World Tales
- First edition (US)
- Author: Idries Shah
- Language: English
- Publisher: Harcourt Brace Jovanovich (US) Octagon Press (UK)
- Publication date: December 25, 1979
- Publication place: United Kingdom
- Media type: Print
- Pages: 410
- ISBN: 0-15-199434-X
- OCLC: 4858129

= World Tales =

World Tales, subtitled "The Extraordinary Coincidence of Stories Told in All Times, in All Places" is a book of 65 folk tales collected by Idries Shah from around the world, mostly from literary sources. Some of the tales are very common, others are less well known.

==Content==
Each story is preceded by a short introduction by the author, giving a brief history of the tale's literary mutations, or remarking on the strange similarities that versions exhibit across great geographical or historical distances. The collection has had a broad appeal. For instance Canadian poet P. K. Page cited it as the book she would give to a child, and author and storyteller Norah Dooley: "This is the book that turned my interest as an adult to folklore and inspired me to take up storytelling." and has become a widely used sourcebook of tales.

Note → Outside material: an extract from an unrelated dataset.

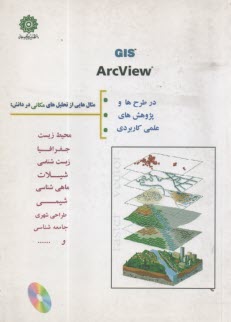 GIS ARCVIEW با CD در طرح ها و پروژه هاي عملي كاربردي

Whilst Shah mentions many of the ancient and modern interpretations that have been placed on the tales, along with some of the theories of cross-cultural transmission, he himself interprets them little, writing in the introduction:

Working for thirty-five years among the written and oral sources of our world heritage in tales, one feels a truly living element in them which is startlingly evident when one isolates the 'basic' stories: the ones which tend to have travelled furthest, to have featured in the largest number of classical collections, to have inspired great writers of the past and present.

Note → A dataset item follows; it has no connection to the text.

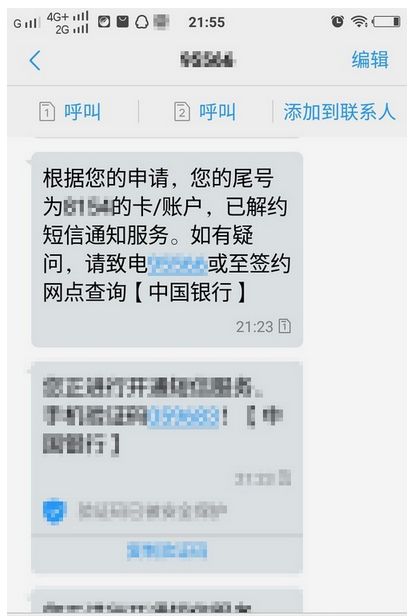 银行充值提醒短信怎么取消,怎么关闭银行卡的短信提醒?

The value that Shah put on folklore of this kind is clear, not only from the many volumes of tales that he published but also from books published by his children. The title alone of one of his daughter Saira Shah's books, The Storyteller's Daughter, gives some indication, while his son Tahir Shah's book In Arabian Nights, itself an exploration of the power of the folktale, recalls:
When my father died a decade ago, I inherited his library. There were five reinforced boxes of books labeled "STORIES: VALUABLE, HANDLE WITH CARE". Among them were Aesop's Fables, Hans Christian Andersen, and the Brothers Grimm. There were many others too, the Arab collections and volumes of tales from every corner of the world...

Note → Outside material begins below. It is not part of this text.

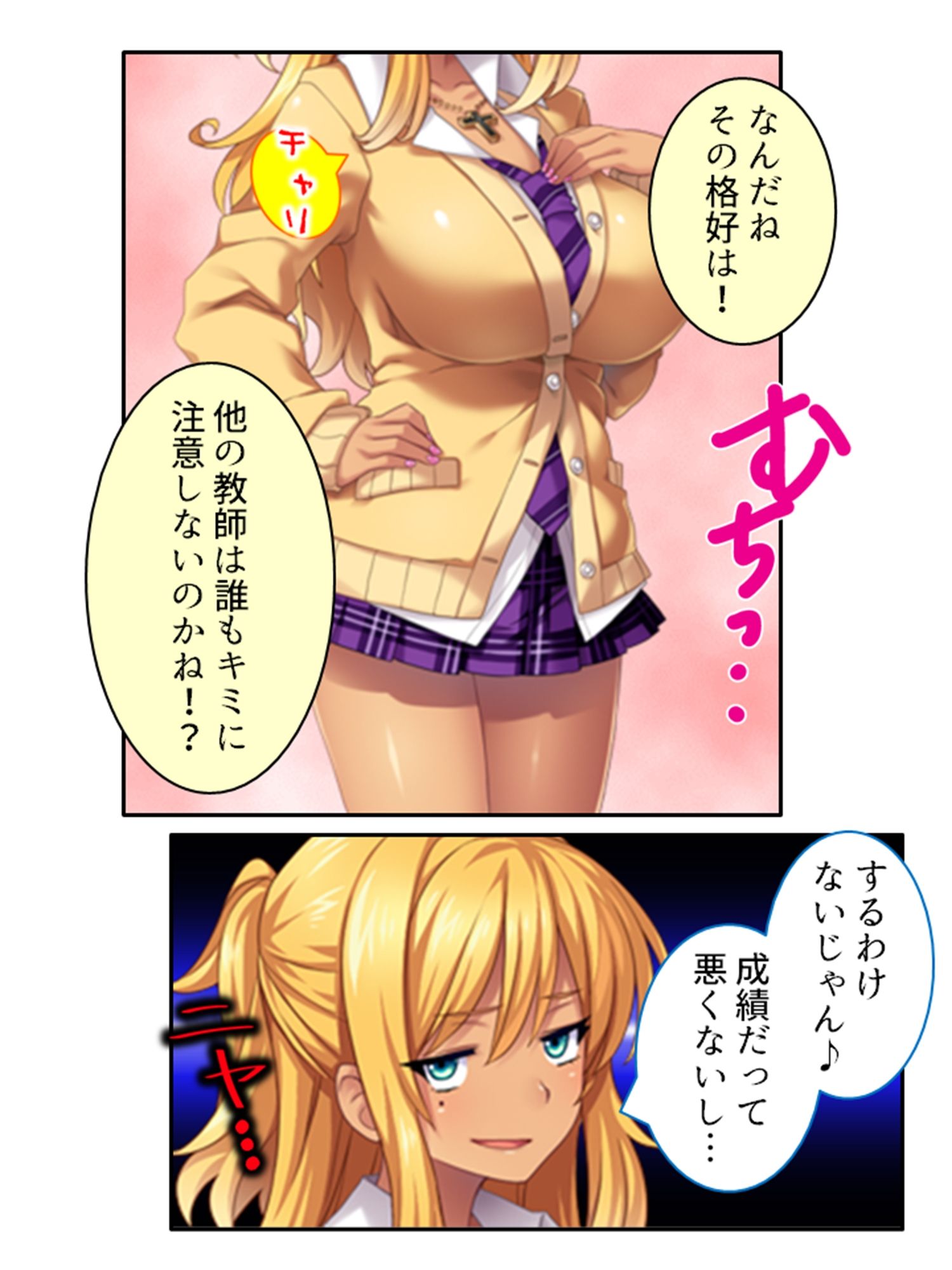 最強ビッチギャルマナとリカ！疲れた街でデカチ●漁り ＜総集編＞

==Original illustrated edition==

The book was first published in large format by Harcourt Brace Jovanovich with each tale illustrated. Originally Shah asked Ivan Tyrrell to find illustrations for the tales by the likes of Arthur Rackham, Kay Nielsen and Edmund Dulac. Tyrrell instead suggested commissioning new work, Shah agreed to this and the idea was put to, and approved by, the publisher, William Jovanovich. Thirty seven artists contributed. This edition is no longer in print; the Octagon Press edition is text only.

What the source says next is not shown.